• _DATA_
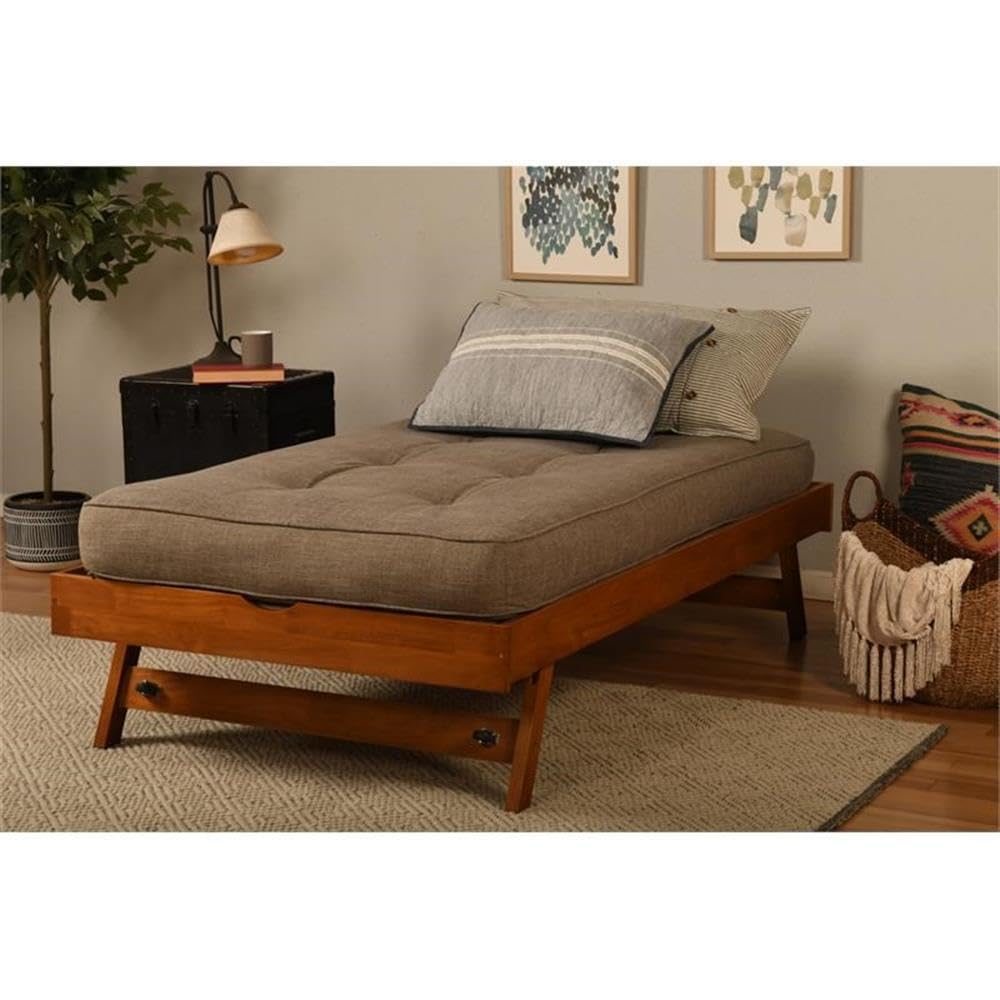 Kodiak Furniture Boho Wood Pop Up Bed in Barbados Brown w/Linen Stone Mattress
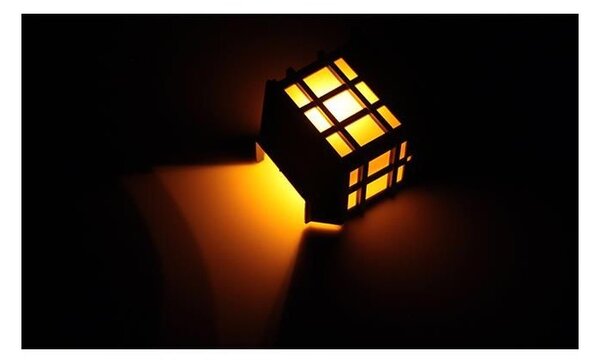 Aplica solara tip felinar, LED SMD, efect flacara, senzor crepuscular, panou solar 2V 70 mAh, negru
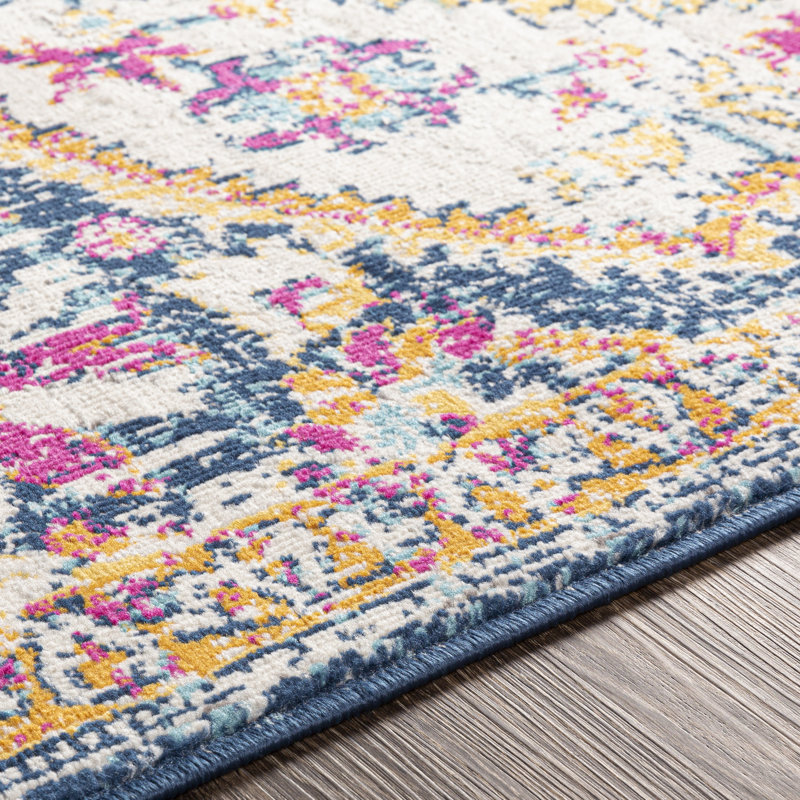 Tapis safran / bleu marine Fleeman, Rectangle 9 pi x 12 pi 3 po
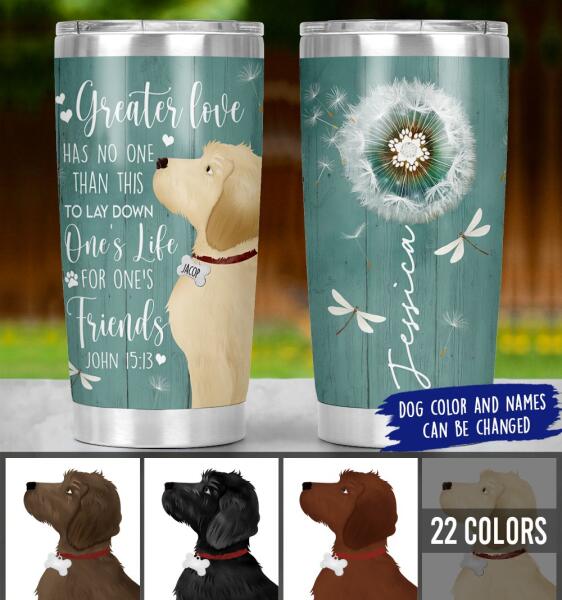 Personalized Doodle Custom Tumbler - Greater Love Has No One Than This To Lay Down One's Life For One's Friends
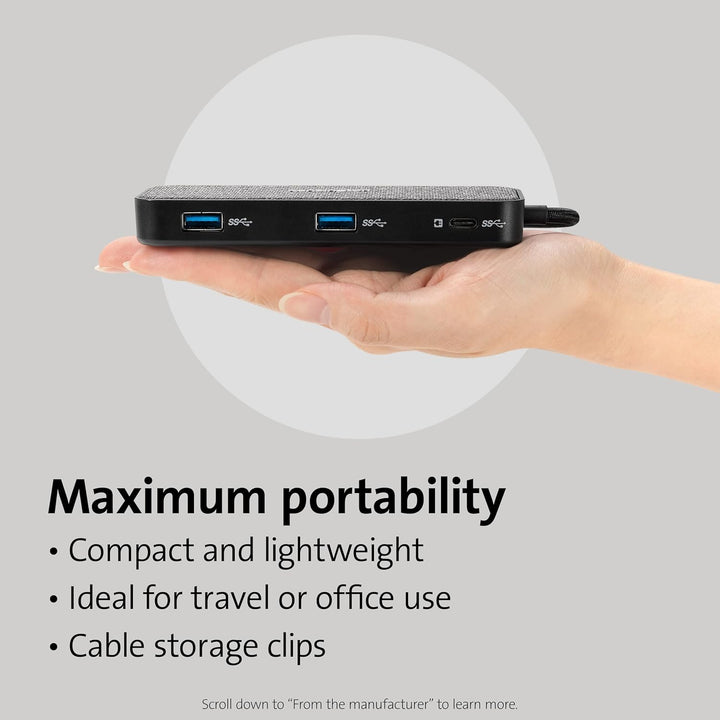 Kensington SD1650p USB-C Single 4K Tragbare Docking Station, Mobiles Dock mit HDMI, Kompatibel mit A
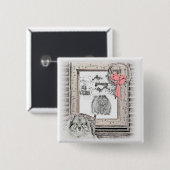 Keeshond Winter Window Paining Art Vierkante Button 5,1 Cm (Voorkant /achterkant)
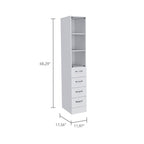Vanguard Linen Cabinet, Three Shelves, Four Drawers -White | Premium Home Decor - Grand Goldman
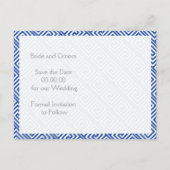 Blau griechischer Schlüssel und Spalte Hochzeit Sp Ankündigungspostkarte (Rückseite)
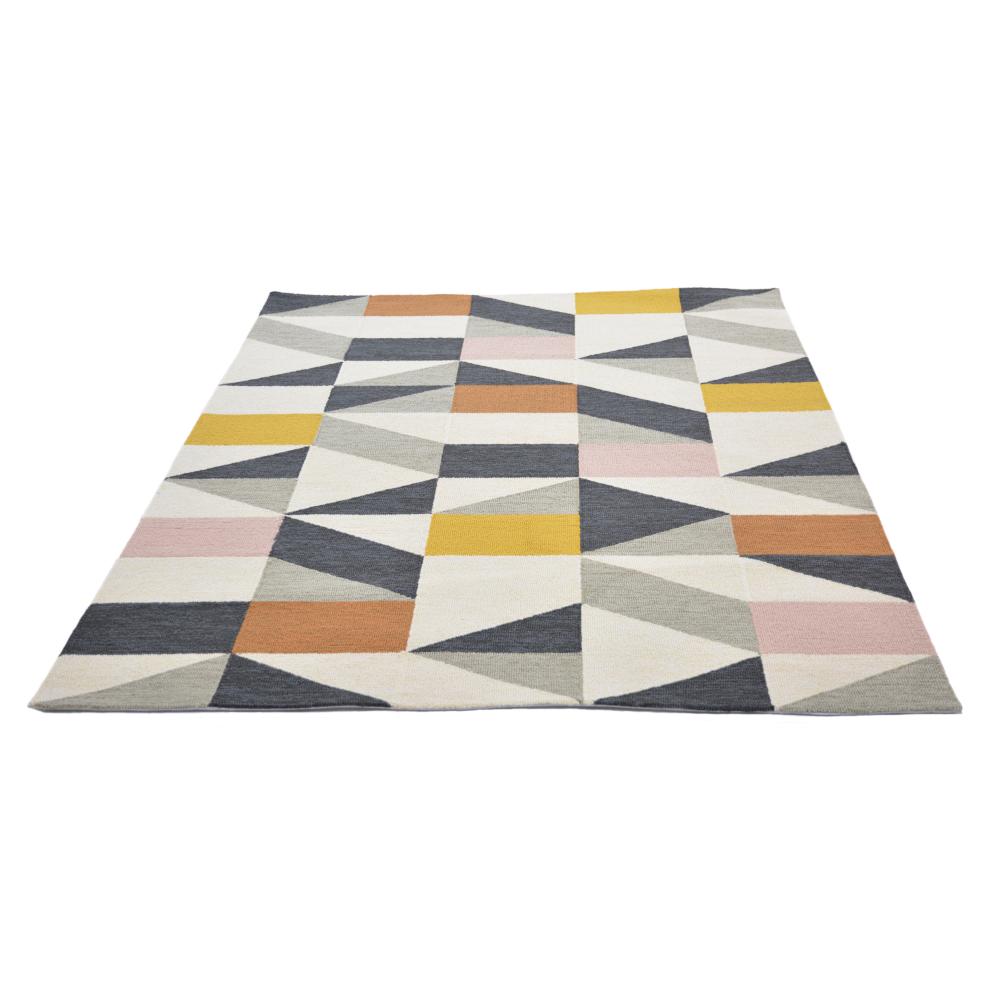 Multicolour geo print Indoor/Outdoor Rug angled image - MyHouse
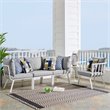 Modway Riverside 4-Piece Outdoor Patio Aluminum Set - White/Gray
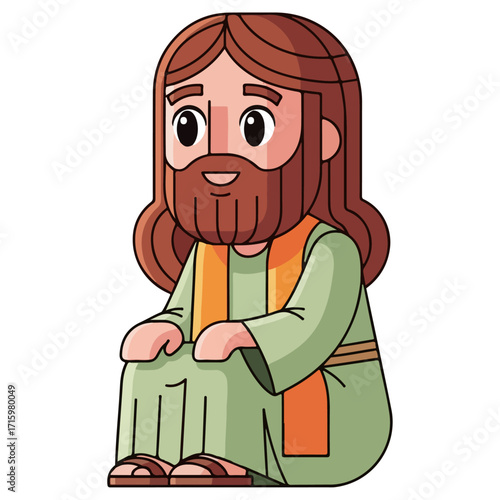 Cartoon Jesus Christ Sitting and Smiling Peacefully.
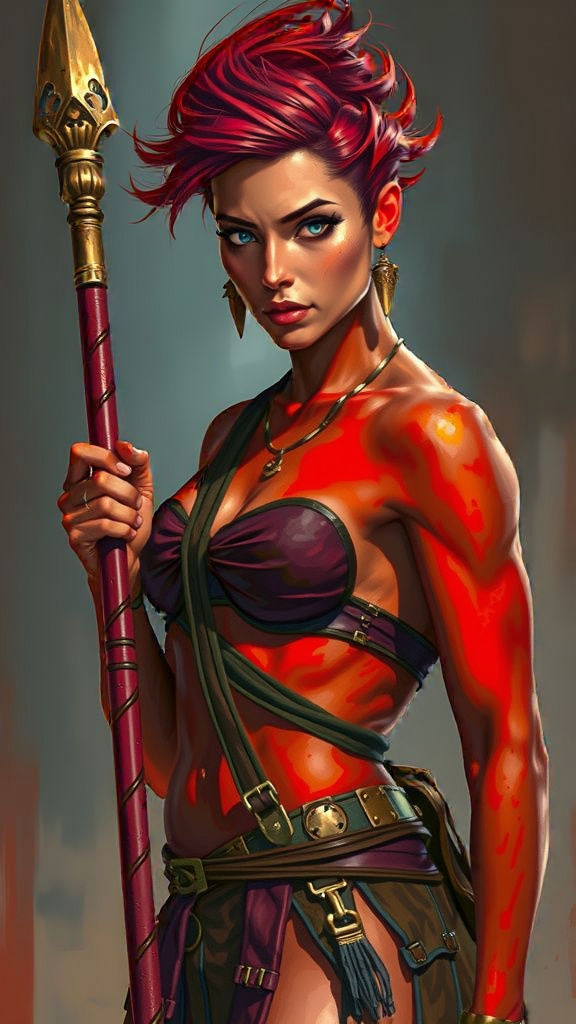 Vigilant Efreet Warrior in Scarlet Hues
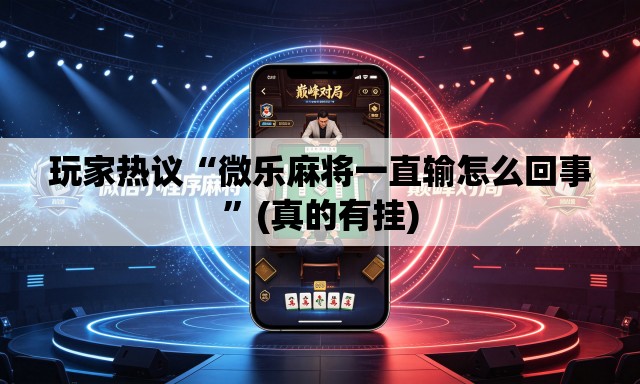 玩家热议“微乐麻将一直输怎么回事	”(真的有挂)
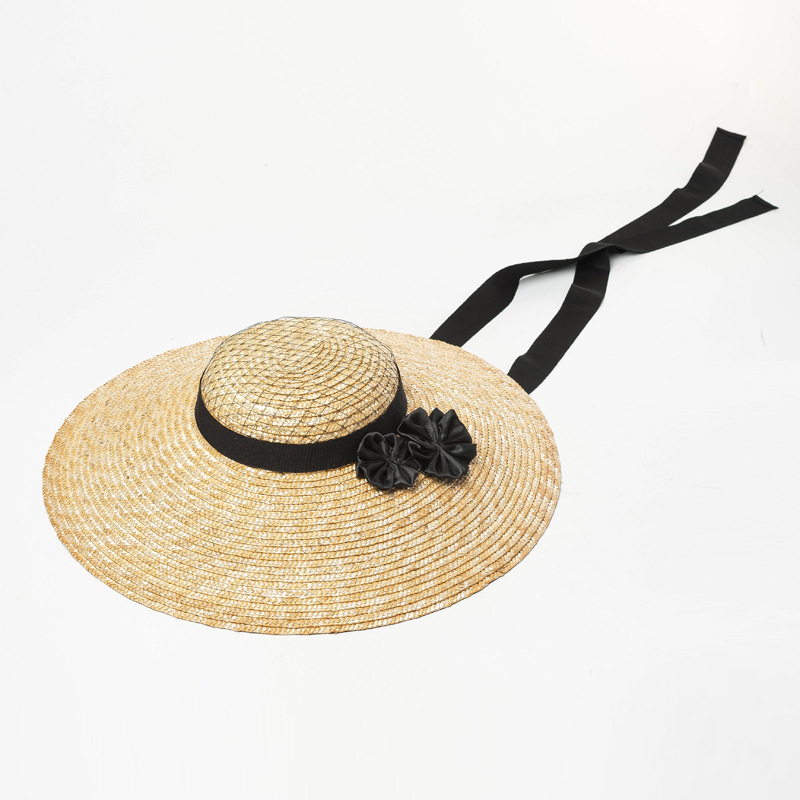 Spring And Summer New Retro Elegant Light Top Mesh Flower Straw Hat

• _TASK DETAILS_
If a picture falls within the lines from the one containing "Aplica solara tip" through the end of the material, leave it out while repeating those lines exactly.

• _EXPECTED ANSWER_
 Aplica solara tip felinar, LED SMD, efect flacara, senzor crepuscular, panou solar 2V 70 mAh, negru
 Tapis safran / bleu marine Fleeman, Rectangle 9 pi x 12 pi 3 po
 Personalized Doodle Custom Tumbler - Greater Love Has No One Than This To Lay Down One's Life For One's Friends
 Kensington SD1650p USB-C Single 4K Tragbare Docking Station, Mobiles Dock mit HDMI, Kompatibel mit A
 Keeshond Winter Window Paining Art Vierkante Button 5,1 Cm (Voorkant /achterkant)
Vanguard Linen Cabinet, Three Shelves, Four Drawers -White | Premium Home Decor - Grand Goldman
 Blau griechischer Schlüssel und Spalte Hochzeit Sp Ankündigungspostkarte (Rückseite)
 Multicolour geo print Indoor/Outdoor Rug angled image - MyHouse
 Modway Riverside 4-Piece Outdoor Patio Aluminum Set - White/Gray
 Cartoon Jesus Christ Sitting and Smiling Peacefully.
 Vigilant Efreet Warrior in Scarlet Hues
 玩家热议“微乐麻将一直输怎么回事	”(真的有挂)
 Spring And Summer New Retro Elegant Light Top Mesh Flower Straw Hat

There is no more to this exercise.